Image-caption web data:
※

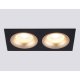 Встраиваемый светильник Ambrella Light Techno Spot Standard Tech TN102735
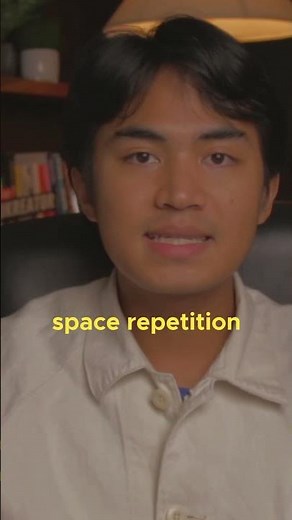 Aku memanfaatkan retrospective revision timetable...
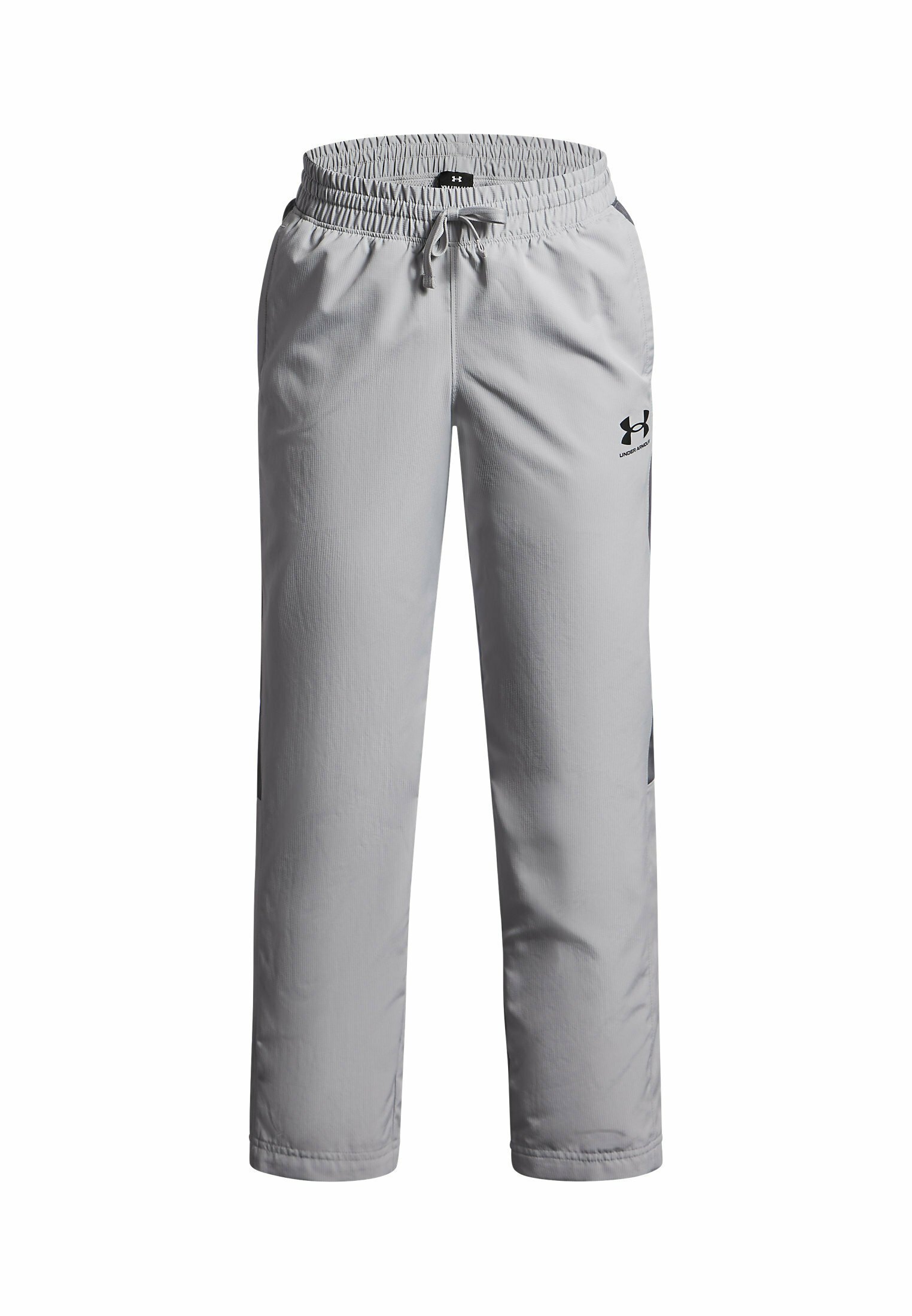 Under Armour RIVAL WOVEN Tracksuit bottoms mod gray/grey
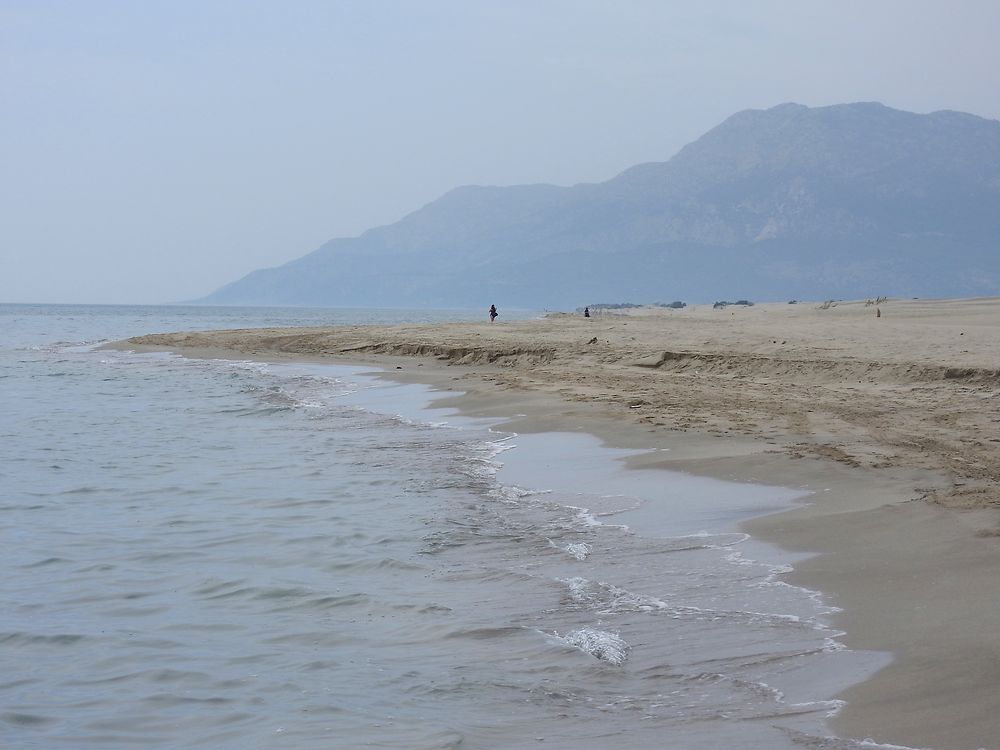 Plage de Patara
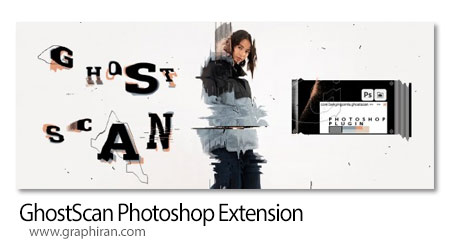 دانلود GhostScan Photoshop Extension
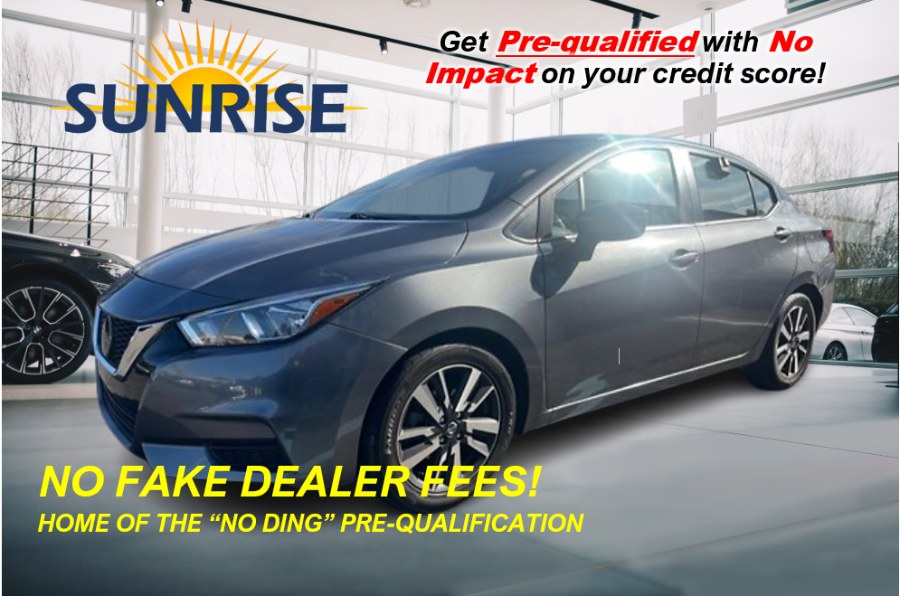 Used 2021 Nissan Versa in Rosedale, New York | Sunrise Auto Sales. Rosedale, New York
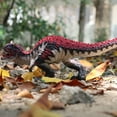 thumbnail image 3 of New Jurassic Carnivorous Carnotaurus Indoraptor T-REX Solid PVC Dinosaur World Animal Model Action Figures Toy Kids Gift, 3 of 6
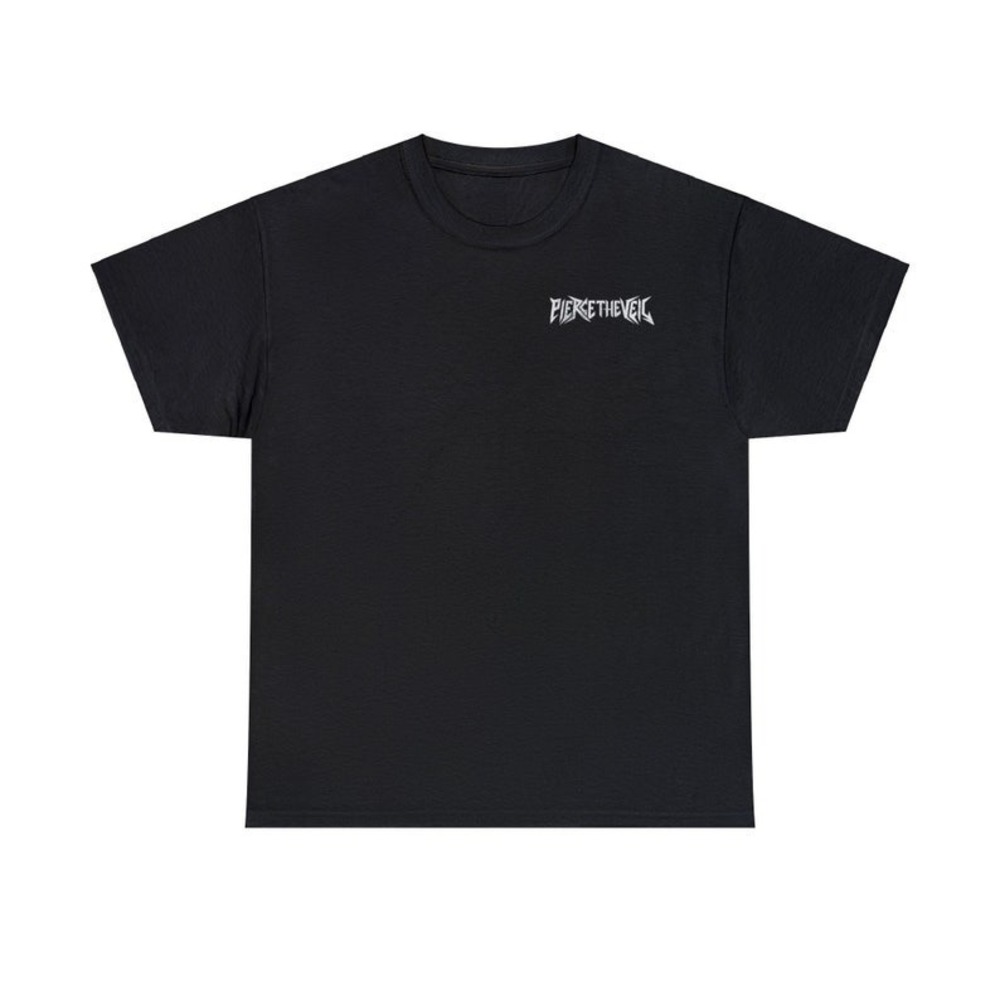 Pierce The Veil Unisex Band Shirt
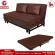 ThaiBULL movie sofa, model OLTLM2-PU506-150, Bed Sofa Bed Furniture 5x195x30 cm. (PU Composite Cloth)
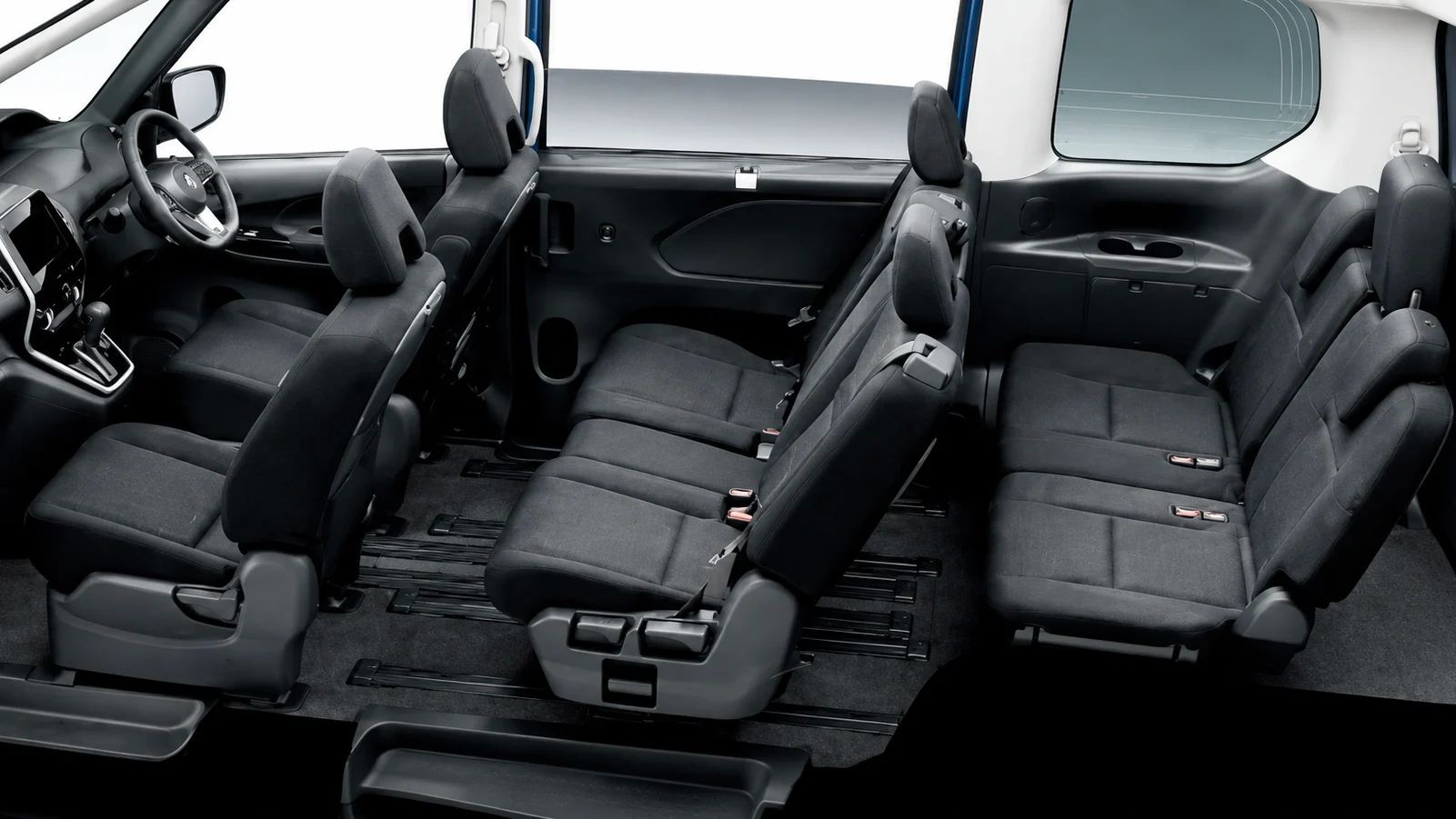 Suzuki Just Made Family Travel More Interesting: New 8-Seater Hybrid Debuts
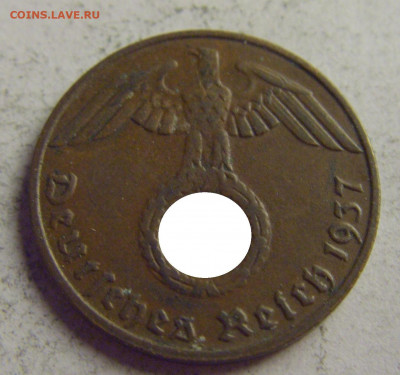 1 пфенниг 1937 D Германия №3 20.05.2021 22:00 МСК - CIMG5813.JPG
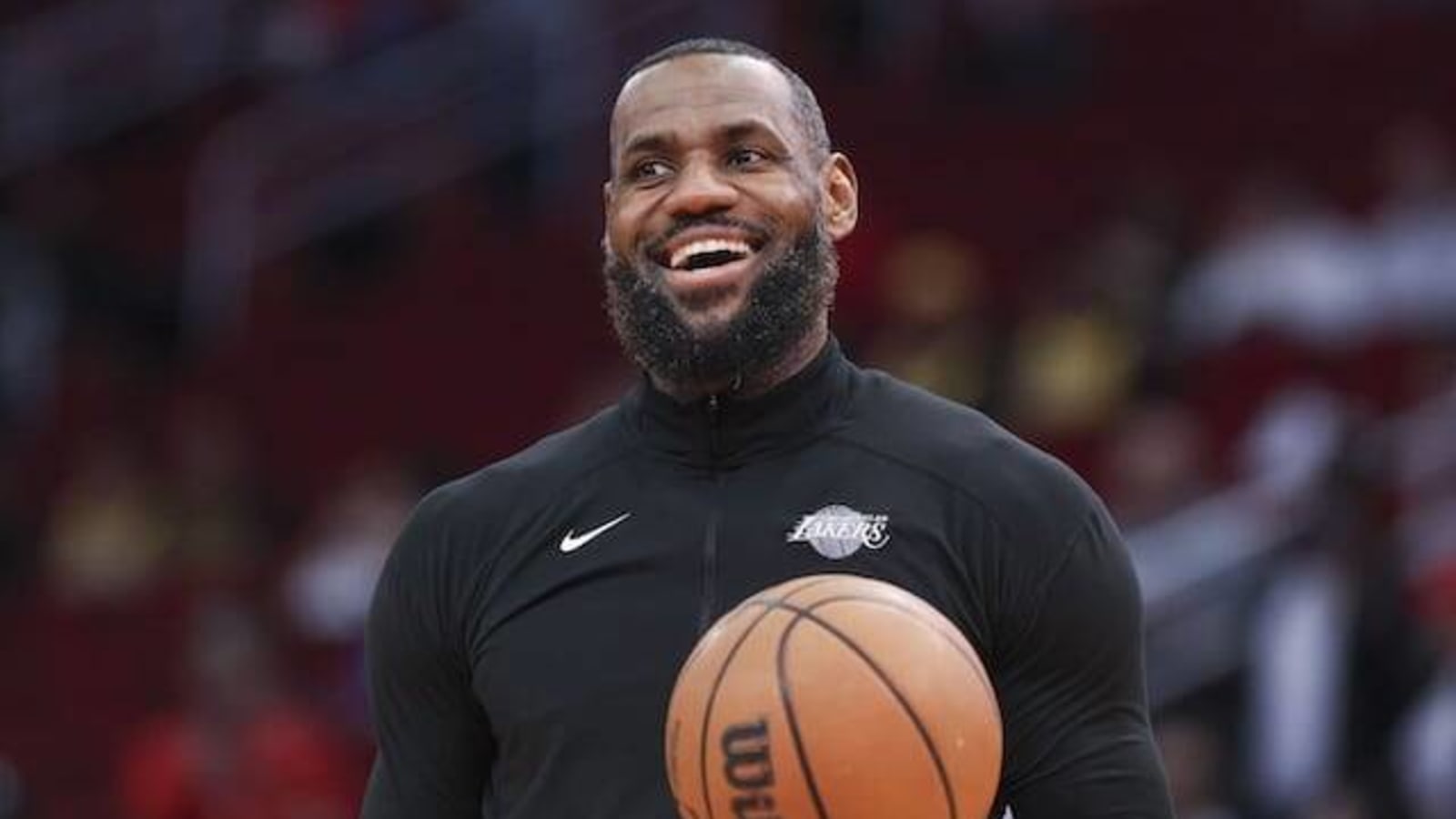  LeBron James Doesn’t Know Who Next Face Of NBA Will Be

※

» EXERCISE BRIEF
Exactly the lines above, from the one containing "Pierce The Veil Unisex Band Shirt" down to the one containing "1 пфенниг 1937", are to be repeated, including both ends. Pictures are not part of the copy.

» OUTPUT BELOW
 Pierce The Veil Unisex Band Shirt
 ThaiBULL movie sofa, model OLTLM2-PU506-150, Bed Sofa Bed Furniture 5x195x30 cm. (PU Composite Cloth)
 Suzuki Just Made Family Travel More Interesting: New 8-Seater Hybrid Debuts
 1 пфенниг 1937 D Германия №3 20.05.2021 22:00 МСК - CIMG5813.JPG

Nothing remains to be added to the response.